I’ve had more than my fair share of friends come and go over the years.
It used to bother me that friendships would wane or that we would drift away from each other. Sometimes, it hurt when a friend “replaced” me, or when the friendship ended before I was ready.
I’ve also had friendships end like a bad car accident. Like the car, the friendship is completely totaled and beyond repair.
Not all friendships that ended stay that way forever.
So many past friendships are just a phone call — or even a text message — away from being rekindled, even those that ended years ago.
There’s a saying that comes from a famous poem that says friendships are either for a season, a reason, or a lifetime. It stands true until today.
It only took me 50-plus years of my life to finally understand the true meaning of this saying.
When I was a kid in summer camp, I thought my cabin mates would be my friends forever.
As I graduated from high school, I thought my besties would always be a part of my life.
While married, I was certain that the wives I hung out with regularly would be in my social circle forever.
But people change. They move on, and sometimes, they move away.
I’ve done my fair share of moving on and away from friendships myself, and it truly did end many of them permanently.
My attention was focused on my new environment, creating new connections, and building new support systems in the new environment.
Part of this is a survival instinct, but it’s also human nature.
Humans are social creatures. We crave and need connection with other human beings to feed our soul and well-being.
Now, more than ever, with this past year of isolation and social distancing, the importance of being connected with others is amplified for everyone.
I can’t tell you how many friendships I’ve rekindled over the years not even realizing that that was what I was doing. I truly was just feeding my curious soul for contact with someone from my past.
Here are 4 ways to get started rekindling a long-ended friendship.
1. Use your social networks.
This is like shooting fish in a barrel!
Everyone has sent a friend request to someone they know from their childhood through their social network at some point.
Maybe that’s where the re-connection ended — you’re now “socially networked.” But that’s not really friendship.
Friendship requires interaction and communication. It’s what you do with this new networked connection that rekindles the friendship.
2. Send a message and then get on the phone.
Test the waters with messaging then ask to get on the phone. Catching up with each other and bantering about what’s been going on in your lives over the years is one of the quickest ways to rekindle a friendship.
I find these conversations can last well over an hour — they’re full of memories, laughter, and even tears sometimes.
3. Use professional networking.
I left corporate in 2014 but considered many of the people I worked with over the years to be much more than just my peers — they were my friends.
I learned, when I left, that they were friends for a reason — a shared industry, client, goal, etc. When I left the industry, many of these friendships simply disappeared. Poof!
Through the years, as I purged my database of contacts, there were some that I didn’t want to delete.

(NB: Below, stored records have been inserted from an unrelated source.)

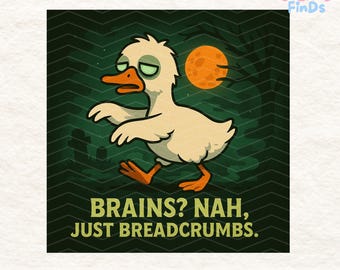 Funny Halloween Goose PNG, Zombie Goose Clipart, Brains Nah Just Breadcrumbs Shirt Design, Cute Undead Goose Halloween Sublimation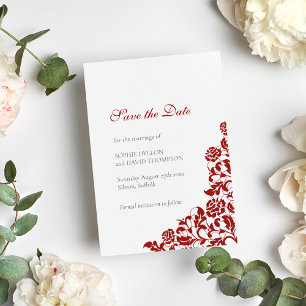 Classic Crimson Rote Rose Lace Pattern Wedding Save The Date
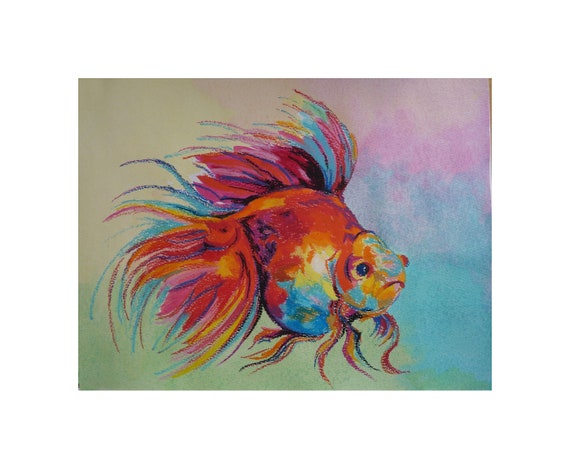 Oil Pastel & Watercolour Original Painting Fish 9 X 12 in ...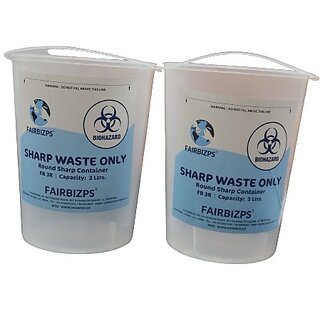 FAIRBIZPS 3L Round Sharps Container - Secure Disposal for Needles, Pac of 2 FAIRBIZPS 3L Round Sharps Container - Secure Disposal for Needles, Pac of 2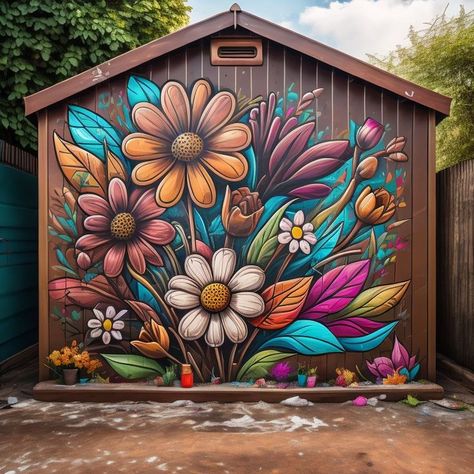 Flower Mural Door, Shed Mural, Hedgehog Garden, Mural Outdoor, Woods Living, Mural Garden, Backyard Creations, Propane Tanks, Garden Fence Art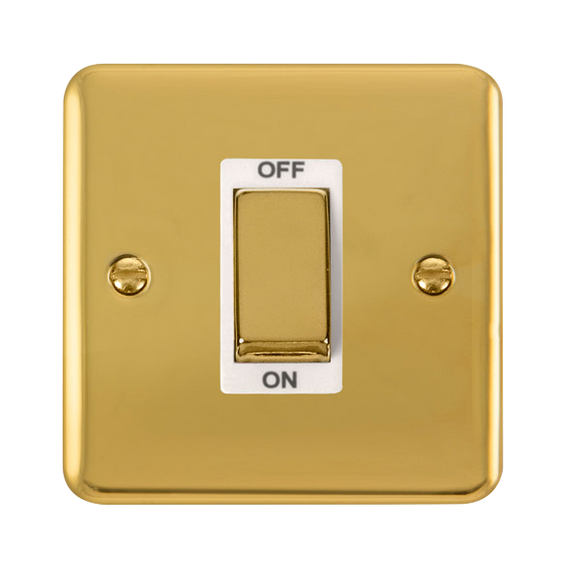 Click® Scolmore Deco Plus® DPBR500WH 45A Ingot 1 Gang DP Switch Polished Brass White Insert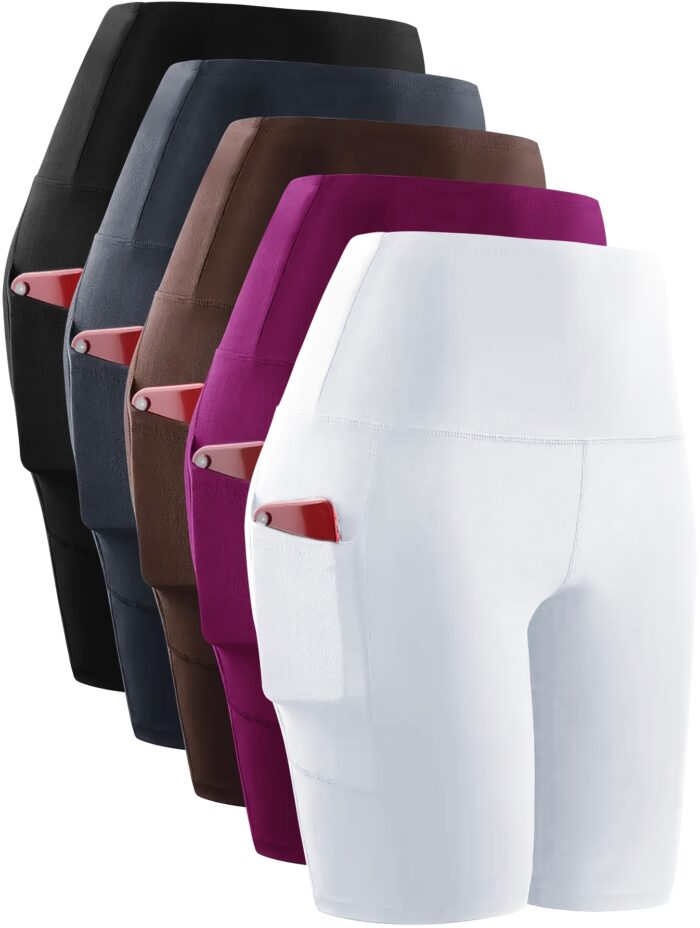 5pcs High-Waisted Workout Shorts – 6" Length, Pocketed, Soft Tummy Control for Yoga & Running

For whatever reason, our connection was more than professional — they mentored me or I mentored them, or I simply think that one day, there may be a reason or opportunity to reconnect with that person.
I’ve reached out to many of these through my professional network, and we’ve developed friendships on a very new and rewarding level.
My old boss, the president of the company I left in 2014, has become a very dear friend who I see just once a year, but we speak at least every six months. That’s a friendship I cherish.
An old employee who worked for me back in the early 2000s I hadn’t heard from in years, reached out to me about six months ago to let me know she was moving to the area I moved to.
She’s finally settled in and we’re meeting for the first time in many, many years. I can’t wait! She was always a joy, and I’m looking forward to rekindling our relationship and building a new and modern friendship.
4. Make them a destination.
Having traveled a good part of the world in my youth and first career, I know people all over the world. Do I consider them friends?
Many of them were seasonal friends — friends for the time our lives intersected. Now, when I’m preparing to travel, I go through my address book and reach out to them if I will be going through their city.
This always rekindles the friendship, like no time at all has passed.
Even though I may only see them again for the duration of a meal as I pass through their city, our rekindled friendship fulfills my need for human connection. My comfort in knowing I can call them a friend, regardless of how long it has been, is magical.
Do these re-connections automatically rekindle a friendship? Nope, that’s up to you and your friend to make sure the kindle catches fire.
Friendships are relationships. They require nurturing and effort from both parties. If the effort is not put in, the friendship will most likely not endure.
What has been your experience in rekindling old friendships?